Syrian President Bashar al-Assad’s brutal campaign to suppress the Sunni opposition employs a tactic that improves upon his other weapons’ lethality —targeting those who treat the sick and injured. While his campaign against healthcare infrastructure in opposition-held territory has been ongoing since 2011, it has become increasingly destructive in recent years because of the duration of the campaign and the implementation of new methods and techniques. The Assad regime’s attempts to undermine the opposition by launching over 200 attacks on medical facilities and personnel have had devastating consequences for the Syrian people. While Obama’s threat of a “red-line” for the use of chemical weapons is commendable, Assad seems to have found a loophole in U.S. policy by spreading death and disease through the use of conventional weapons.
In the first two year of the conflict in Syria (2011-12), according to a recent report by Physicians for Human Rights, government forces generally used light arms such as mortars and handheld weapons to inflict damage on the healthcare infrastructure. Over this two year period, 274 medical personnel were killed by Assad’s forces. In the past two years (2013-14), however, Assad’s forces began to increasingly use aerial bombardment, including barrel bomb attacks on hospitals, as a means to degrade medical facilities and kill health care workers—resulting in the deaths of at least 312 medical personnel. The regime’s disregard for human life in these types of attacks is blatantly obvious as barrel bombs are essentially oil drums filled with explosives and scrap metal dropped from helicopters to cause extreme and indiscriminate destruction.
The effects of this campaign undermine the health and security of the Syrian people on a number of levels. The immediate results of Assad’s assault on the healthcare system of opposition-held regions is that his forces have killed around 600 medical professionals and over 75% of medical professionals have been forced to flee from major urban centers. Syria now has a total of 15,000 doctors, or about half of its 2010 level. A February 2015 report from the Bloomberg School of Public Health of Johns Hopkins University reports that “only 13 surgeons and a total of about 30 doctors serve 300,000 people in Aleppo.” To give some perspective, Aleppo’s doctor to population ratio of 1:6,977 is about one-tenth of Syrian national average from 2010 and is well below the 2012 statistics for India and Myanmar.

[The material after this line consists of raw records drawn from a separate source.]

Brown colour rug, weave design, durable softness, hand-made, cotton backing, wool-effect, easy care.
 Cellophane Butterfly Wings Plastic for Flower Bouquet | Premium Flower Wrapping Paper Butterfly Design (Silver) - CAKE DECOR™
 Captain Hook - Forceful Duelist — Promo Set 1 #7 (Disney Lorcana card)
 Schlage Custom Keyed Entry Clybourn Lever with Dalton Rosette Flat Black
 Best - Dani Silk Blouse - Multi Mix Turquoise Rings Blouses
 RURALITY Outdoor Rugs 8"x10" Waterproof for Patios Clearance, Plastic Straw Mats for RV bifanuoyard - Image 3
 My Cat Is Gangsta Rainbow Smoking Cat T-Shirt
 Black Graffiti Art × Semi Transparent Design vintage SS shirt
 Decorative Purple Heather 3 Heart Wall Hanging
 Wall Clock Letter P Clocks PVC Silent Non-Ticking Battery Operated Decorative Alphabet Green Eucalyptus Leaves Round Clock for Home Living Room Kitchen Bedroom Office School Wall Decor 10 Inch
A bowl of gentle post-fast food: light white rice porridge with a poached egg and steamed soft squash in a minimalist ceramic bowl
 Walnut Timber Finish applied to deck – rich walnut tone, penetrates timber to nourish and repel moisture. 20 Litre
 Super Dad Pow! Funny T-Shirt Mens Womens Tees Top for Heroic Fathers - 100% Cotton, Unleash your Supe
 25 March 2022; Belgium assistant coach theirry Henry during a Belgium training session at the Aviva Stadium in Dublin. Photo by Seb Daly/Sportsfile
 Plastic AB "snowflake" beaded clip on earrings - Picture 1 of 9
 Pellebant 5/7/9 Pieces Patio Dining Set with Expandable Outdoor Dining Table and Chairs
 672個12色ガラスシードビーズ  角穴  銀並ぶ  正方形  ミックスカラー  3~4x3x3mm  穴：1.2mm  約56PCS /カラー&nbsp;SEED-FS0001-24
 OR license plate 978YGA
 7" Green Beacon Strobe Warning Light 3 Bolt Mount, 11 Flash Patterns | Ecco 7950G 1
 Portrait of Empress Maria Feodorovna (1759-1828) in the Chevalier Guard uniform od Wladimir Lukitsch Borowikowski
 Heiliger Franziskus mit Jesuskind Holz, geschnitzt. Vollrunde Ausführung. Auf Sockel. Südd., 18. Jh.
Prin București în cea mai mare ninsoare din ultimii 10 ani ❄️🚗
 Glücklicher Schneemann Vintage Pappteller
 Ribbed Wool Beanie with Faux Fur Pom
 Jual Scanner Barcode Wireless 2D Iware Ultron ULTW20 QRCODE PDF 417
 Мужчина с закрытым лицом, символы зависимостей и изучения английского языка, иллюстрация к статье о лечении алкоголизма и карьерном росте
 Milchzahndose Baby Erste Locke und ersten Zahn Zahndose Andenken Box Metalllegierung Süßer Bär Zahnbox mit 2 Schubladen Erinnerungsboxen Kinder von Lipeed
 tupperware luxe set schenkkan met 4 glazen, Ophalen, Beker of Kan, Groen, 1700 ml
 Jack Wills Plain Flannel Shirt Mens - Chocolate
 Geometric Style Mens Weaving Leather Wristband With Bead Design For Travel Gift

In addition to bombing many of the hospitals and clinics to kill doctors, these attacks also destroy important equipment such as CT scanners, intensive care units, and ultrasound machines. Even though many medical treatment centers have moved to improvised or covert field hospitals, they have not entirely managed to evade government assaults. Also, ambulances are “deliberately and routinely targeted” to limit access to medical treatment. Yet, because ambulances are often subject to assaults at night, when they are most visible due to their headlights, ambulance drivers are faced with the dilemma of either driving into ambushes or turning off their headlights and driving with severely impaired vision. Furthermore, physicians from Aleppo have described a two-stage attack plan in which government forces drop a barrel bomb and then wait for the first responders to come treat the wounded before dropping another, causing even more carnage.
The lack of basic resources, including electricity and anesthesia, has also had deadly or painful consequences for Syrians living in opposition-held territory. There are reports of newborn babies dying in incubators due to power cuts and the limbs of wounded patients being amputated because the medical staff was inadequately supplied to otherwise treat the injuries. Some reports even recorded patients opting to be knocked out with a metal bar rather than face painful procedures without anesthesia.
Yet, according to the Bloomberg School’s report, despite the extreme scarcity of critical supplies, it is actually the lack of trained medical personnel that poses the “biggest challenge to healthcare provision in opposition-controlled areas.” Zaher Sahloul, president of the Syrian American Medical Society, explained that “although clandestine shipments of vaccines and medicines are being pushed through, the amount of skilled medical workers and nurses is minimal, so lots of medicines are being stockpiled without being used.”
Disease is also a growing concern as vaccination rates have dropped from 90 to 52 percent. Polio has reappeared as of 2013-14, after many years in which Syria was polio-free; over 10,000 instances of the measles have been reported in Syria and Turkey; and hepatitis A, B, C, and D have become more prevalent. Non-communicable diseases (NCDs) have also become more deadly in the wake of the Syrian civil war—doctors estimate that such ailments have often gone untreated and caused the deaths of over 300,000 Syrians. According to Fouad Mohammad Fouad, of the Department of Epidemiology and Population Health at the American University of Beirut, NCDs “have generally been neglected due to a lack of system resources and access to medications as well as people being unable to afford them.”
In addition to the raging civil war that has claimed over 200,000 lives, about one-fifth of whom were civilian, Assad’s deplorable campaign to destroy the healthcare infrastructure in opposition-held regions of Syria have contributed to the reduction of the average life expectancy in Syria by two decades over the course of a few years (2010: 75.9; 2014: 55.7). He has found a small segment of society that is critical for the survival of the masses and he has targeted that element as a means to spread death, disease, and hopelessness among those living under the Syrian opposition.